Hiroto abaixou seu olhar e mirou a direção do quarto do pai, onde este definhava em uma doença que até mesmo as sacerdotisas do antigo santuário disseram não poder fazer nada sobre... “Algumas coisas apenas são obras das linhas invisíveis do destino e da natureza”, fora o que Oboru lhe dissera... não era como se já não tivesse aceitado aquela realidade desde que fora para Hana, o que não diminua o incômodo em seu peito com o fato.


–Minha dor diminuiria se eu ao menos tivesse conseguido fazê-lo ver Ogata forte e honrada novamente, no domínio de Hana e sem nenhuma fama de “perdedores da coroa”... – o pequeno murmurou, dando um sorriso amargado de lado -... meu pai vai fechar os olhos para mergulhar na eternidade vendo que nem mesmo Ogata existe mais... agora somos... “Resistência”.... ridículo...se você e os outros pensam que deixarei o domínio de tudo para vocês, estão enganados.


–Lutar entre nós só diminuiria nossas chances... – Naoyuki contestou em sua voz compassada — ...querendo ou não, orgulho, feudo, população, e unidade já não importa mais, não há mais Ogata, não há mais Ishihara, não há mais Akai Ame,nem Santuário, nem Vegas, nem Hana, nem mesmo Shiroyama, a ordem de Vijukei não é mais composta de cinco feudos, um território e um Santuário... Vijukei foi dividida em dois lados... a questão é... de que lado você quer estar, ao lado de um bruxo maligno e genocida de mais de mil anos de idade, ou do lado daqueles que não aceitaram se submeter a ele?


Hiroto respirou fundo, o cenho franzido e um muxoxo emburrado... não é como se já não soubesse daquilo também.

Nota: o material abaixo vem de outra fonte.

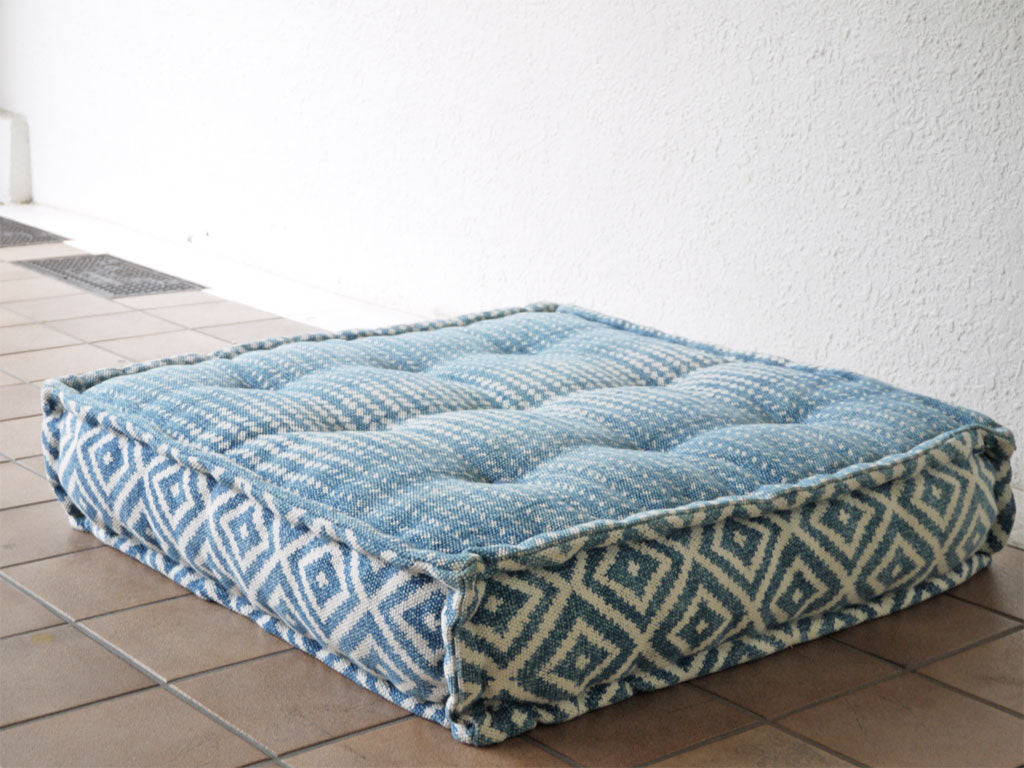 アデペシュ a.depeche ブロックマルチ ザブ Block Multi Zabu ネイビー DT navy オットマン 定価￥28,600- 中古品 買い取りしました。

–Eu sou capaz de entender bem nossa situação, Naoyuki... só quero deixar avisado de que, se há uma nova ordem se formando, eu não aceitarei ficar em local diferente da liderança – o Ogata deu de ombros – não vou deixar minha corte e meu povo às decisões de outros.


O Murai sorriu de lado, achando graça de coisas que o menor não pareceu entender.

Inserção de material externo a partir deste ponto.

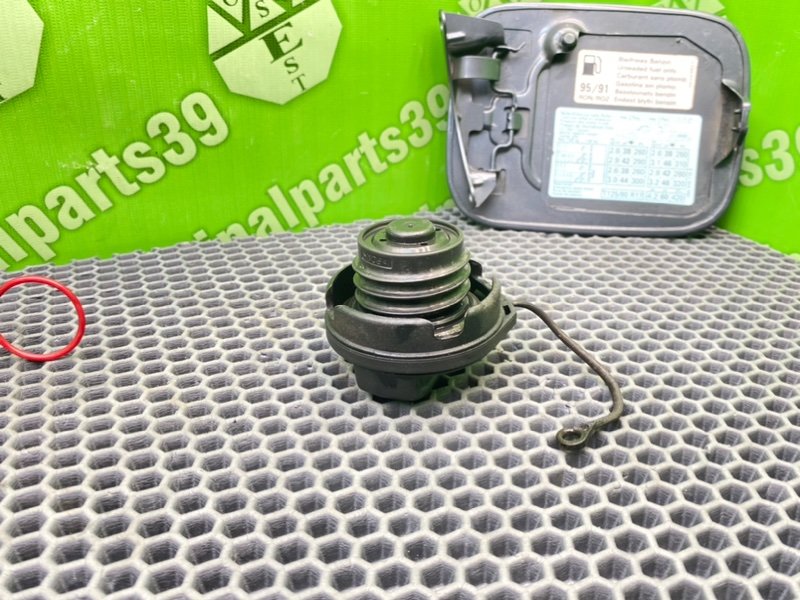 Лючок бензобака, 1600 рублей, Калининград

–Tenho três líderes narcisistas pensando que serão o líder absoluto de tudo... se não resolvermos isso sinto que nossa humilde resistência se definhará antes mesmo de fazer algo – o ex-conselheiro comentou em um sorriso humorado.


–Apenas três? – Hiroto estreitou o olhar -... não é como se você não almejasse isso também.


–Liderar é estar à frente, estar exposto, Hiroto-san, sou um conselheiro, ajo por trás de tudo, é onde sempre fiquei e onde sempre ficarei... – o Murai o interrompeu em um fechar de olhos — ...deixo as disputas de complexo de Macho alfa para vocês...


–Hunf... – Hiroto sorriu de lado — ...realmente um homem ardiloso e esperto...gostaria de ter tido você como mentor, Kohara fez tão pouco proveito de tudo que tens a ensinar...


–Shou-san sempre foi alguém puro demais para seu próprio bem, nunca deveria ter sido líder, apenas se viu em tal posição sem ao menos desejar tal coisa – o Murai suspirou em cansaço -... mas ele também tem suas qualidades e encantos, tenho certeza de que Hiroto-san, mais que ninguém sabe disso...


O Ogata resmungou para o lado e coçou os fios dourados com nervosismo, inflando as bochechas como se fosse um garoto.


–Ainda assim... – o menor decidiu mudar de assunto — ...não acredito que sejam apenas nós três almejando ser o líder neste lado do novo mundo...


Naoyuki estreitou o olhar, com certeza o pequeno era esperto, teria sido tão promissor quanto Kai se tivesse tido a oportunidade de ser seu mentor...


–Uruha-san? – o Murai questionou em um olhar sério para o menor, e este lhe devolveu do mesmo jeito – geralmente amenianos seriam os últimos com quem teríamos que nos preocupar em se tratando de ambições e cobiças...mas de fato, do jeito que Uruha-san está...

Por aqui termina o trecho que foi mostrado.